| What this task involves |
Begin at the line containing "Photo #8 of" and restate it and each line after it exactly, up to and including the last line below. Leave pictures out.

| Dataset extract |
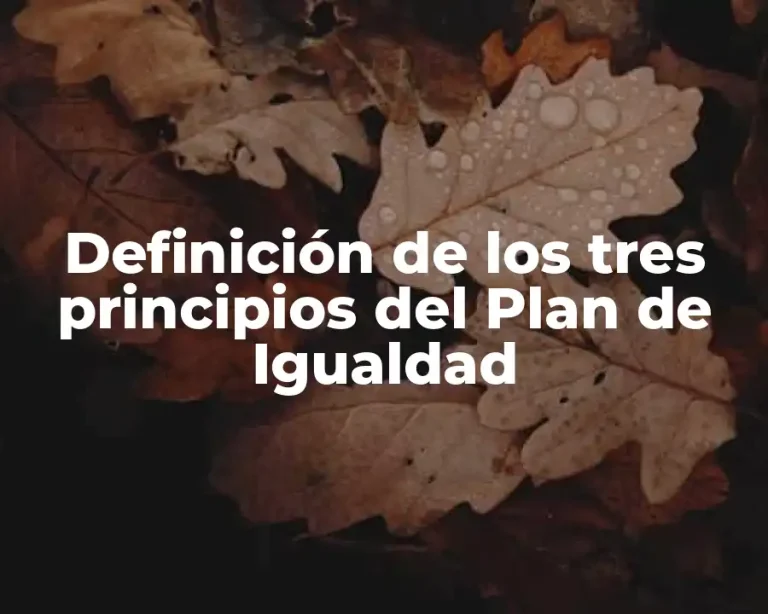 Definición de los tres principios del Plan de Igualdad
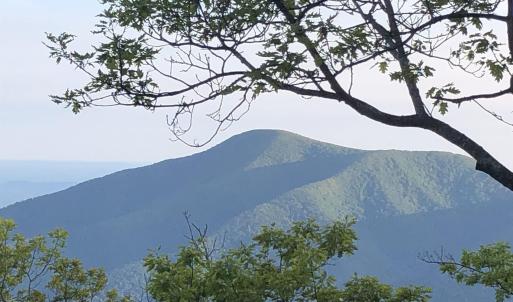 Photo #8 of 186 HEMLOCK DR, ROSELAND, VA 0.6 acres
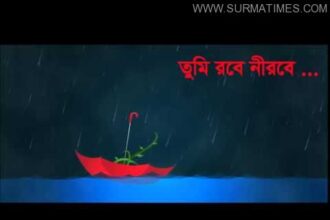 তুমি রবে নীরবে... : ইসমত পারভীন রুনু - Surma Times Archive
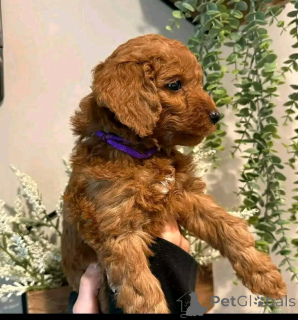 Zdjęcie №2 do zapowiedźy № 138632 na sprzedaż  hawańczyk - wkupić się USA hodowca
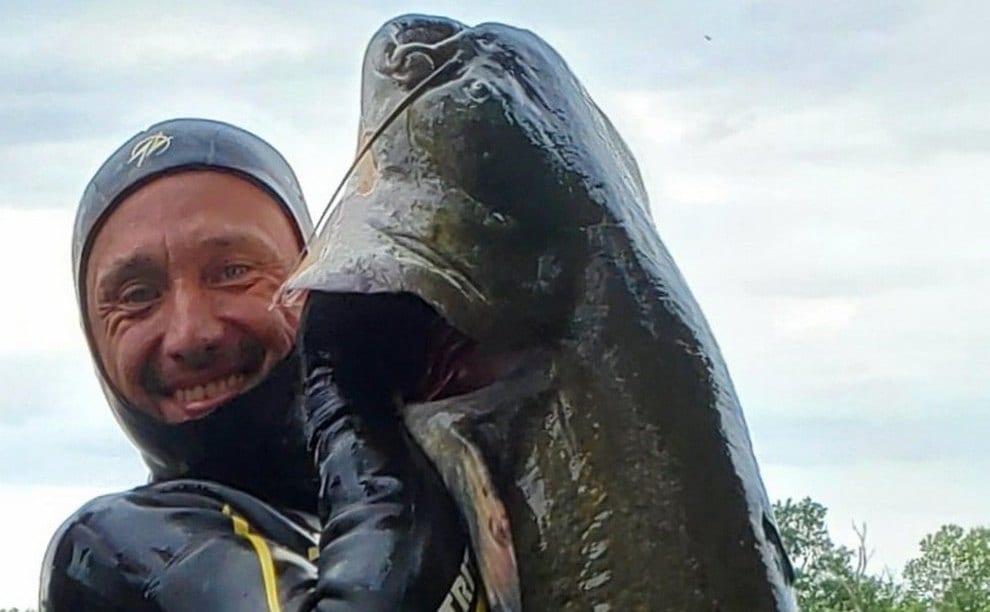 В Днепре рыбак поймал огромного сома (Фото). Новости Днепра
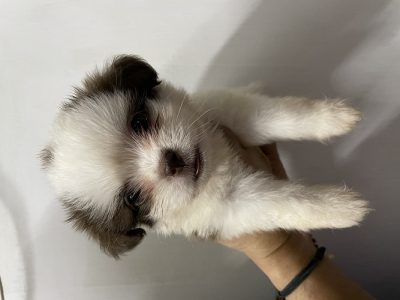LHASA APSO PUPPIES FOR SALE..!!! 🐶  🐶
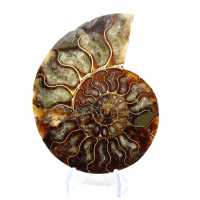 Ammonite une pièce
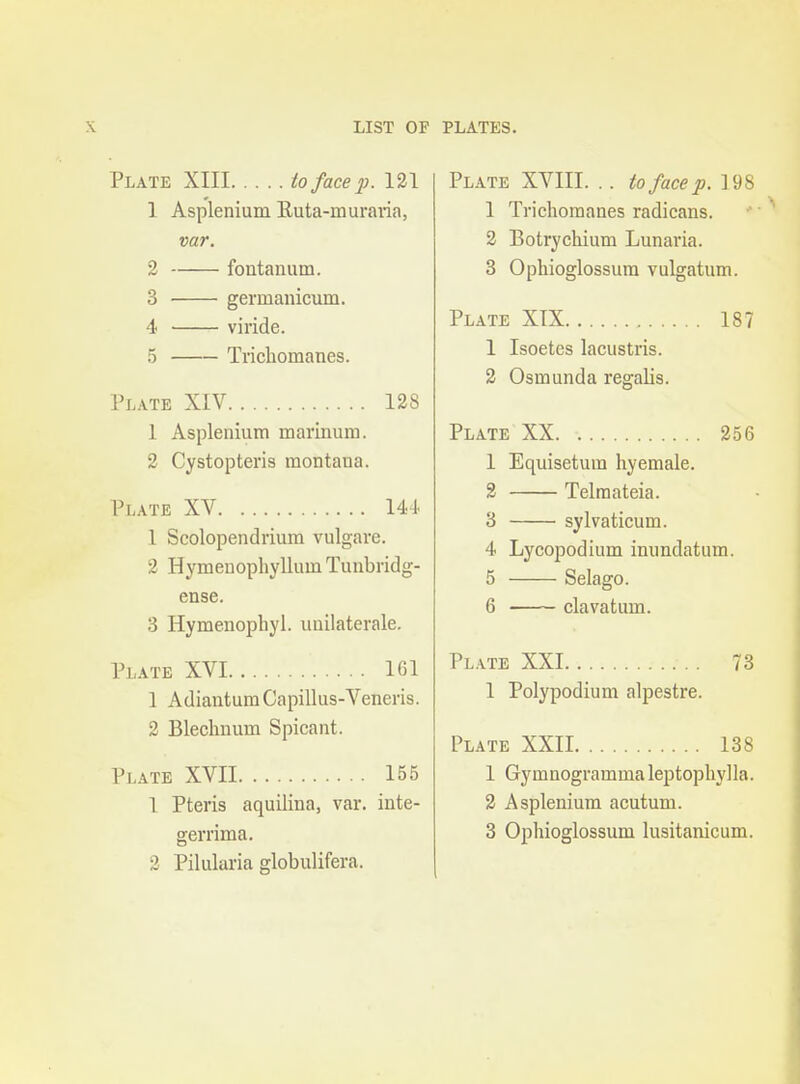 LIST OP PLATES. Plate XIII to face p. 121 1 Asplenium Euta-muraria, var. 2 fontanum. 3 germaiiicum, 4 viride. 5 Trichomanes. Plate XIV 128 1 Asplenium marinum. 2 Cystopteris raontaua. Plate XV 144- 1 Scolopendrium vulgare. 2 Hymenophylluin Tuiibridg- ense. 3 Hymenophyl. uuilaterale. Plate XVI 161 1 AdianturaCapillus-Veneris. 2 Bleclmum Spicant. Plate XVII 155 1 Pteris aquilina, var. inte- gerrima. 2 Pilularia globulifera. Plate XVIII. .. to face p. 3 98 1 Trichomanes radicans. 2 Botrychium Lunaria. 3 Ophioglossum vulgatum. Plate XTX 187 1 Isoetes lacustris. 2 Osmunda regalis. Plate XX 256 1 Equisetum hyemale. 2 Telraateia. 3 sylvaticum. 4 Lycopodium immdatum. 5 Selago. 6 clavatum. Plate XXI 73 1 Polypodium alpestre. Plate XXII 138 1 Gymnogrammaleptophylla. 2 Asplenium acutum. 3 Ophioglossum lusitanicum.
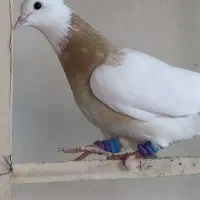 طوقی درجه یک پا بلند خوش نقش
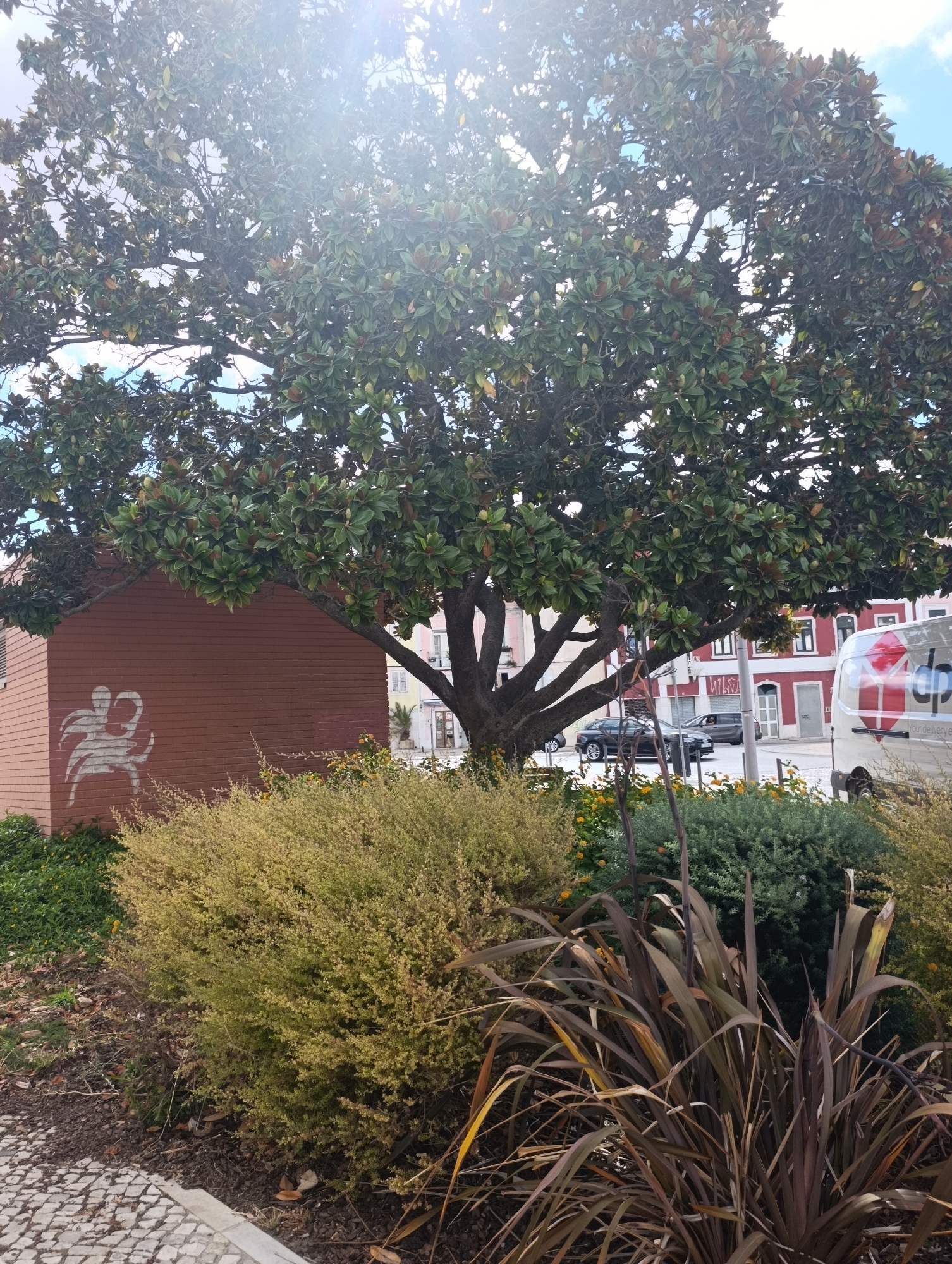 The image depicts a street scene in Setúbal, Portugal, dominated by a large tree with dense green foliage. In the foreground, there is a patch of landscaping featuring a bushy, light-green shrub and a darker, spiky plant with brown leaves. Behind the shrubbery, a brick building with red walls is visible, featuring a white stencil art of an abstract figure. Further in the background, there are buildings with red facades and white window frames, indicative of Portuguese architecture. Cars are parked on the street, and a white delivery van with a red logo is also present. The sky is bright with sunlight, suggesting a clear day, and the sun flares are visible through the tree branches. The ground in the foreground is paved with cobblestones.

| Answer for this exercise |
 Photo #8 of 186 HEMLOCK DR, ROSELAND, VA 0.6 acres
 তুমি রবে নীরবে... : ইসমত পারভীন রুনু - Surma Times Archive
 Zdjęcie №2 do zapowiedźy № 138632 na sprzedaż  hawańczyk - wkupić się USA hodowca
 В Днепре рыбак поймал огромного сома (Фото). Новости Днепра
LHASA APSO PUPPIES FOR SALE..!!! 🐶  🐶
 Ammonite une pièce
 LIST OP PLATES. Plate XIII to face p. 121 1 Asplenium Euta-muraria, var. 2 fontanum. 3 germaiiicum, 4 viride. 5 Trichomanes. Plate XIV 128 1 Asplenium marinum. 2 Cystopteris raontaua. Plate XV 144- 1 Scolopendrium vulgare. 2 Hymenophylluin Tuiibridg- ense. 3 Hymenophyl. uuilaterale. Plate XVI 161 1 AdianturaCapillus-Veneris. 2 Bleclmum Spicant. Plate XVII 155 1 Pteris aquilina, var. inte- gerrima. 2 Pilularia globulifera. Plate XVIII. .. to face p. 3 98 1 Trichomanes radicans. 2 Botrychium Lunaria. 3 Ophioglossum vulgatum. Plate XTX 187 1 Isoetes lacustris. 2 Osmunda regalis. Plate XX 256 1 Equisetum hyemale. 2 Telraateia. 3 sylvaticum. 4 Lycopodium immdatum. 5 Selago. 6 clavatum. Plate XXI 73 1 Polypodium alpestre. Plate XXII 138 1 Gymnogrammaleptophylla. 2 Asplenium acutum. 3 Ophioglossum lusitanicum.
 طوقی درجه یک پا بلند خوش نقش
 The image depicts a street scene in Setúbal, Portugal, dominated by a large tree with dense green foliage. In the foreground, there is a patch of landscaping featuring a bushy, light-green shrub and a darker, spiky plant with brown leaves. Behind the shrubbery, a brick building with red walls is visible, featuring a white stencil art of an abstract figure. Further in the background, there are buildings with red facades and white window frames, indicative of Portuguese architecture. Cars are parked on the street, and a white delivery van with a red logo is also present. The sky is bright with sunlight, suggesting a clear day, and the sun flares are visible through the tree branches. The ground in the foreground is paved with cobblestones.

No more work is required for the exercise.